* [WHAT TO DO]:
Copy all the lines of the listing below exactly. Skip the images.

"""

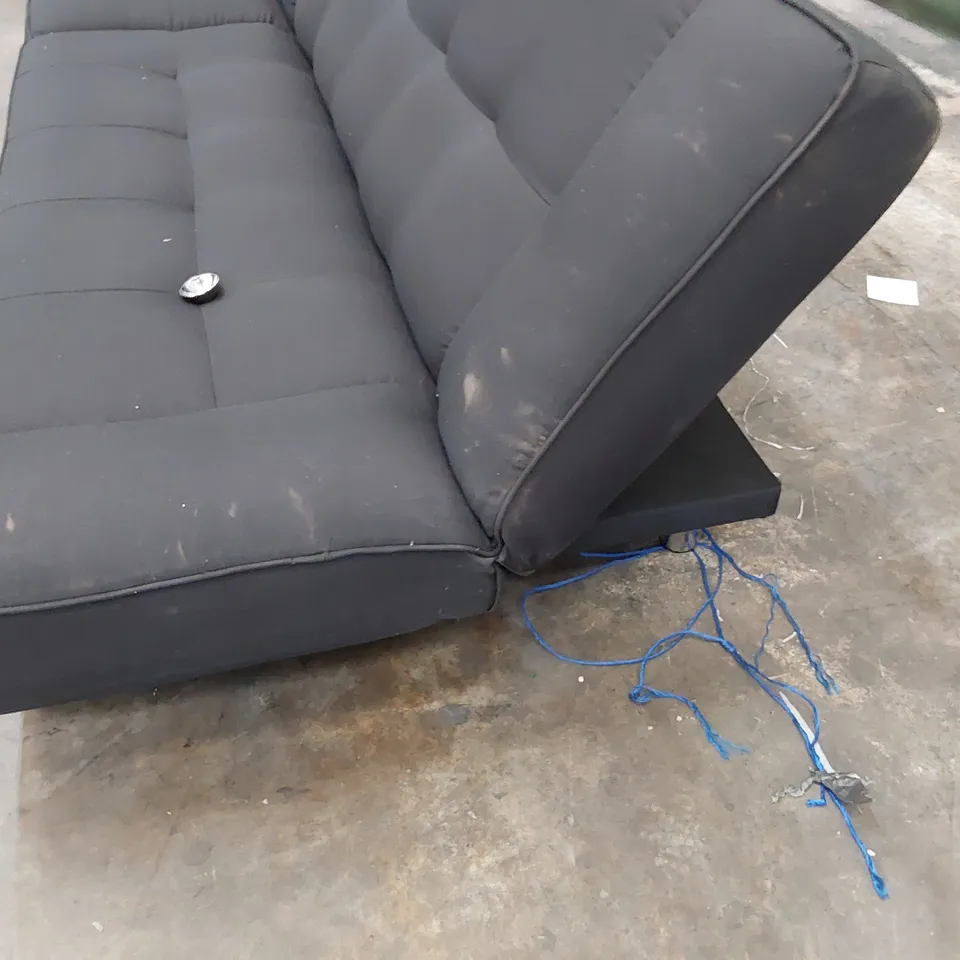 DESIGNER CLICK CLACK SOFA BED BLACK FABRIC 
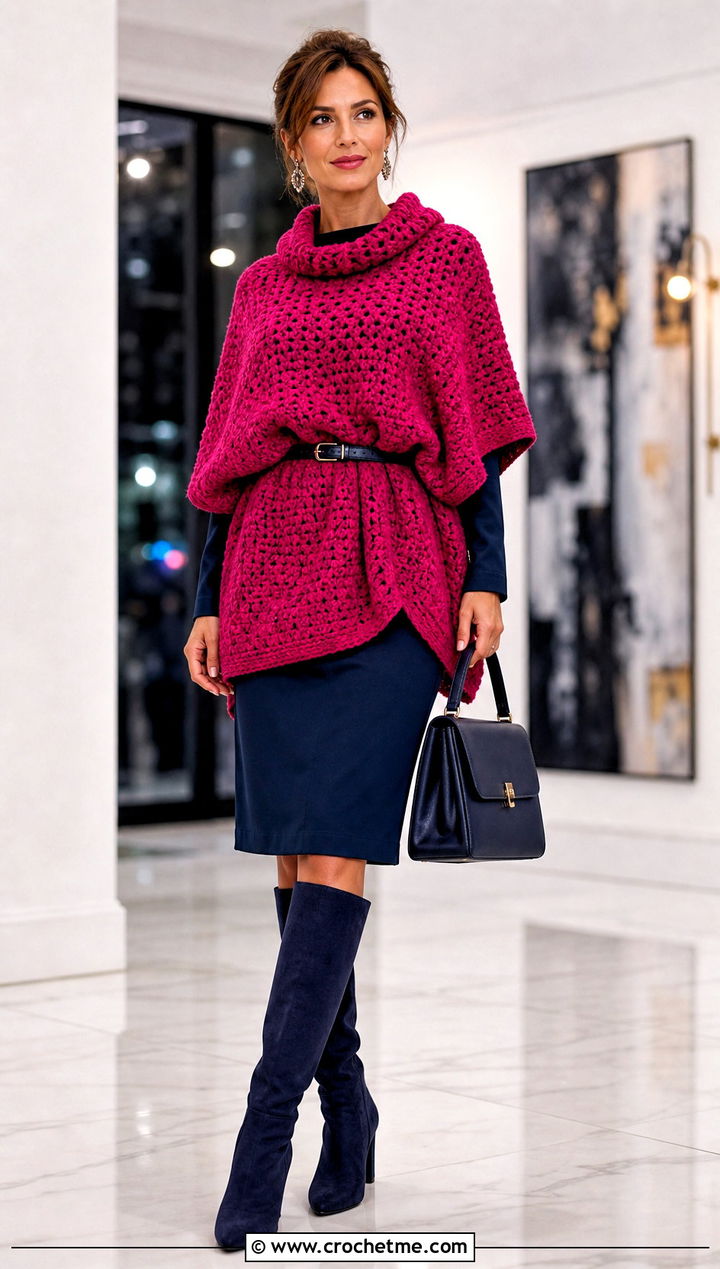 Belted Chunky Crochet Poncho With Knee High Boots - 25 Chunky Yarn Crochet Poncho outfit ideas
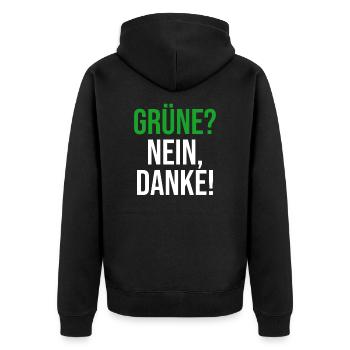 Grüne Nein Danke Anti Gegen Grünen Politik - Unisex Premium Bio Zip Hoodie - Schwarz - Hinten - Nico (187cm)
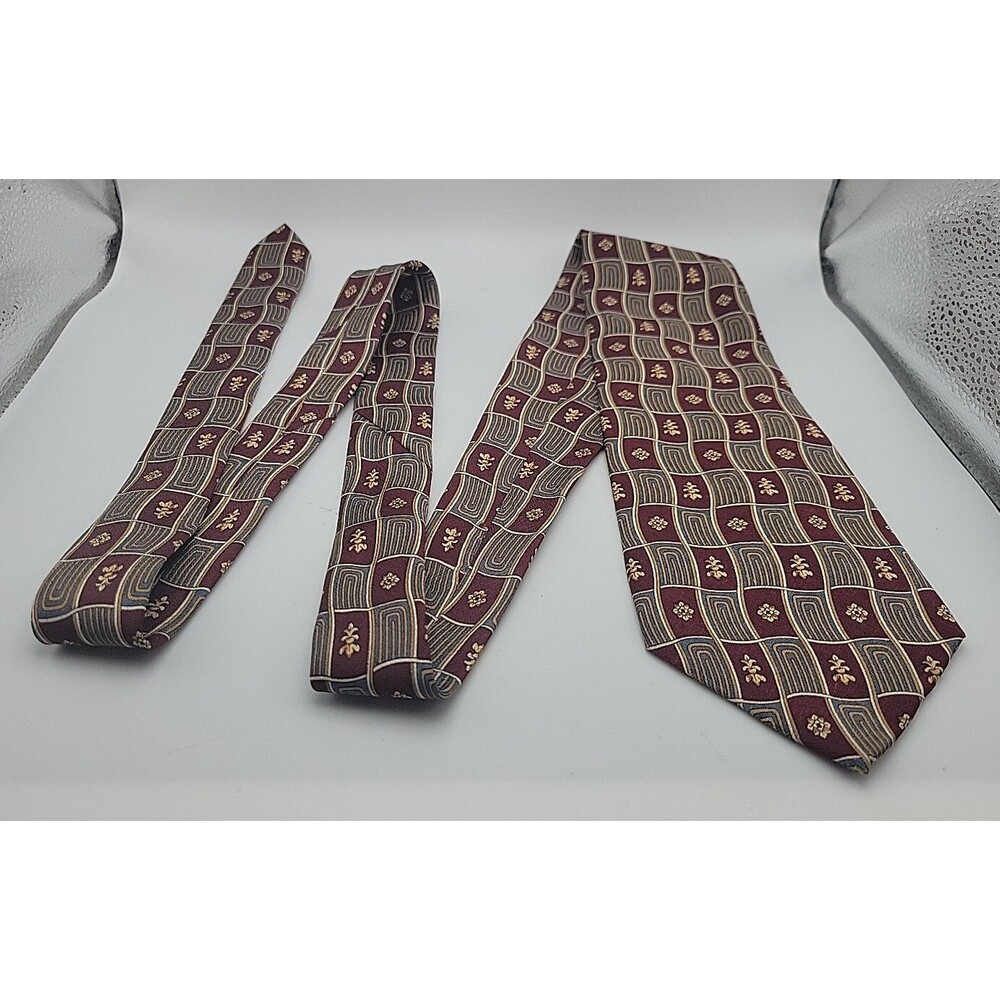 Geoffrey Beene Classic 100% Silk Tie Burgundy, Tan, Gold, Blue Made In USA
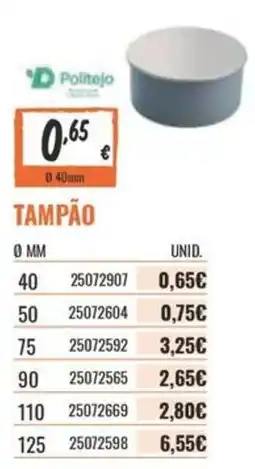 Obramat Tampão politejo promoção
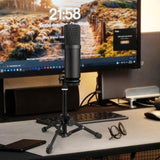Geekria for Creators Tabletop Tripod Mic Stand, Desktop Mic Stand with Foldable Non-Slip Feet, Compatible with Behringer XM8500, C-1, CAD Audio GXL2200, Marantz Pro MPM-1000, Nady SCM-1000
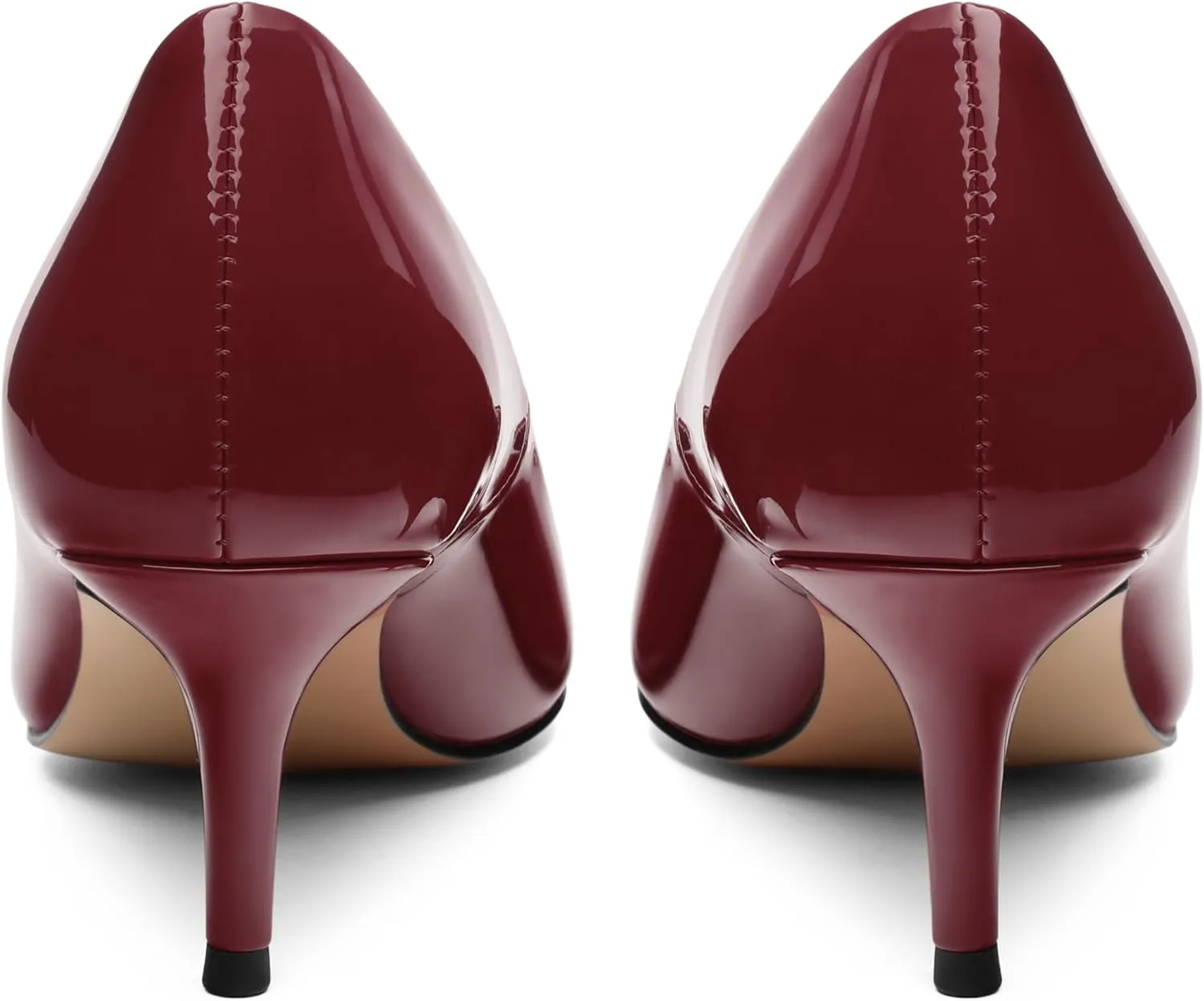 SHOWFOREST Kitten Heels for Women Closed Pointed Toe Patent Leather Low Heel 2.3 Inch Pumps Comfortable Office Party Wedding Slip on Dress Shoes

"""

* [EXERCISE RESPONSE]:
 DESIGNER CLICK CLACK SOFA BED BLACK FABRIC 
 Belted Chunky Crochet Poncho With Knee High Boots - 25 Chunky Yarn Crochet Poncho outfit ideas
 Grüne Nein Danke Anti Gegen Grünen Politik - Unisex Premium Bio Zip Hoodie - Schwarz - Hinten - Nico (187cm)
 Geoffrey Beene Classic 100% Silk Tie Burgundy, Tan, Gold, Blue Made In USA
 Obramat Tampão politejo promoção
Geekria for Creators Tabletop Tripod Mic Stand, Desktop Mic Stand with Foldable Non-Slip Feet, Compatible with Behringer XM8500, C-1, CAD Audio GXL2200, Marantz Pro MPM-1000, Nady SCM-1000
 SHOWFOREST Kitten Heels for Women Closed Pointed Toe Patent Leather Low Heel 2.3 Inch Pumps Comfortable Office Party Wedding Slip on Dress Shoes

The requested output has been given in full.